WORK REQUEST
With the images omitted, return all of the entries exactly as they stand.

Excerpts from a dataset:
=-=-=

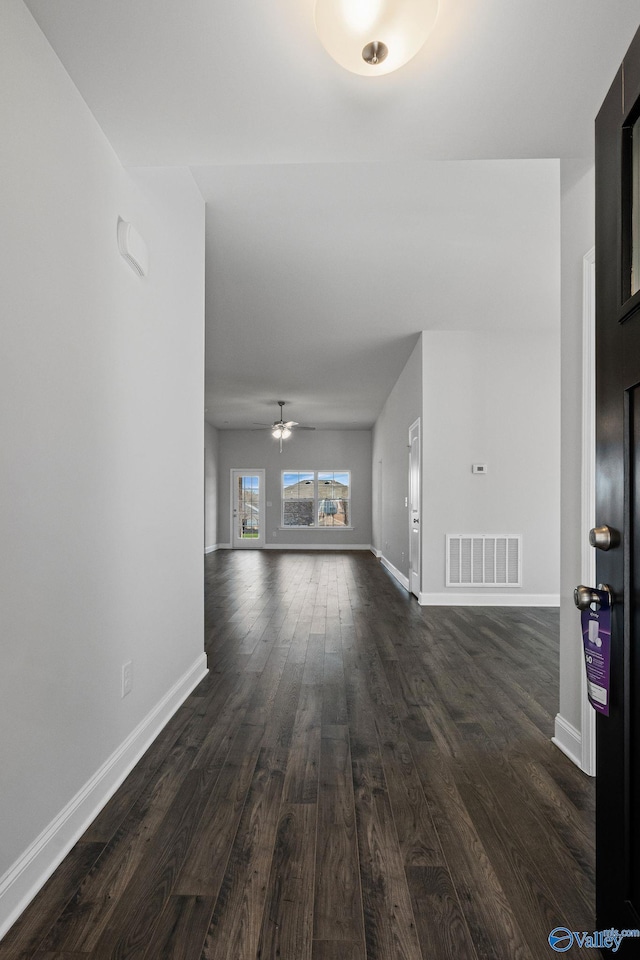 unfurnished living room featuring dark wood-type flooring, a ceiling fan, visible vents, and baseboards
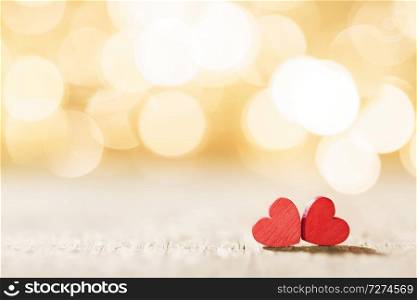 Two small handmade red wooden hearts on golden bright lights bokeh background. Red hearts on bokeh background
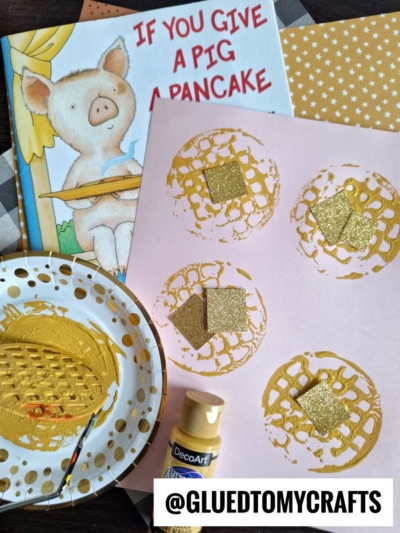 A children’s book titled If You Give a Pig a Pancake, a pink paper with gold painted pancake prints created using a potato masher stamped craft, glittery squares, a paintbrush, and gold paint are arranged on a table. @GLUEDTOMYCRAFTS text is at the bottom.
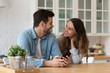 © fizkes - Smiling young man showing funny videos to mixed race woman.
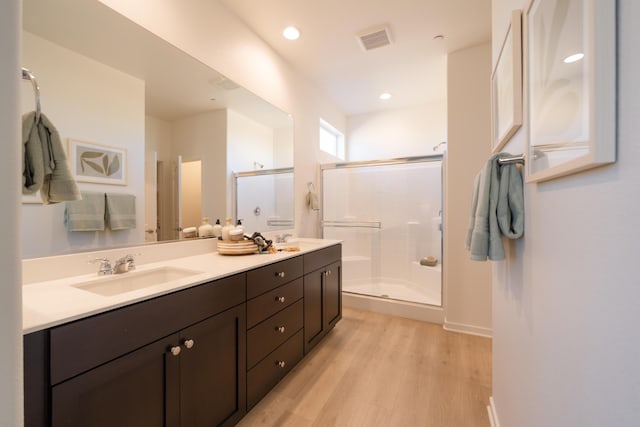 bathroom with visible vents, a sink, a stall shower, and wood finished floors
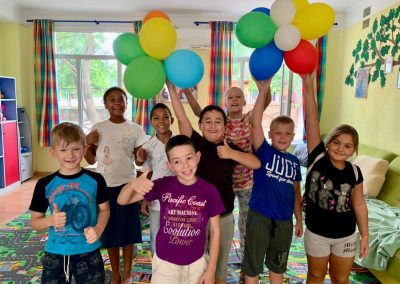 Children happy in a group, holding up balloons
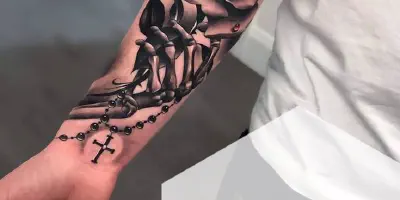 In the Frow Arm Tattoo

=-=-=

RESULT OF THIS EXERCISE
 unfurnished living room featuring dark wood-type flooring, a ceiling fan, visible vents, and baseboards
 Two small handmade red wooden hearts on golden bright lights bokeh background. Red hearts on bokeh background
 A children’s book titled If You Give a Pig a Pancake, a pink paper with gold painted pancake prints created using a potato masher stamped craft, glittery squares, a paintbrush, and gold paint are arranged on a table. @GLUEDTOMYCRAFTS text is at the bottom.
 © fizkes - Smiling young man showing funny videos to mixed race woman.
 bathroom with visible vents, a sink, a stall shower, and wood finished floors
 Children happy in a group, holding up balloons
 In the Frow Arm Tattoo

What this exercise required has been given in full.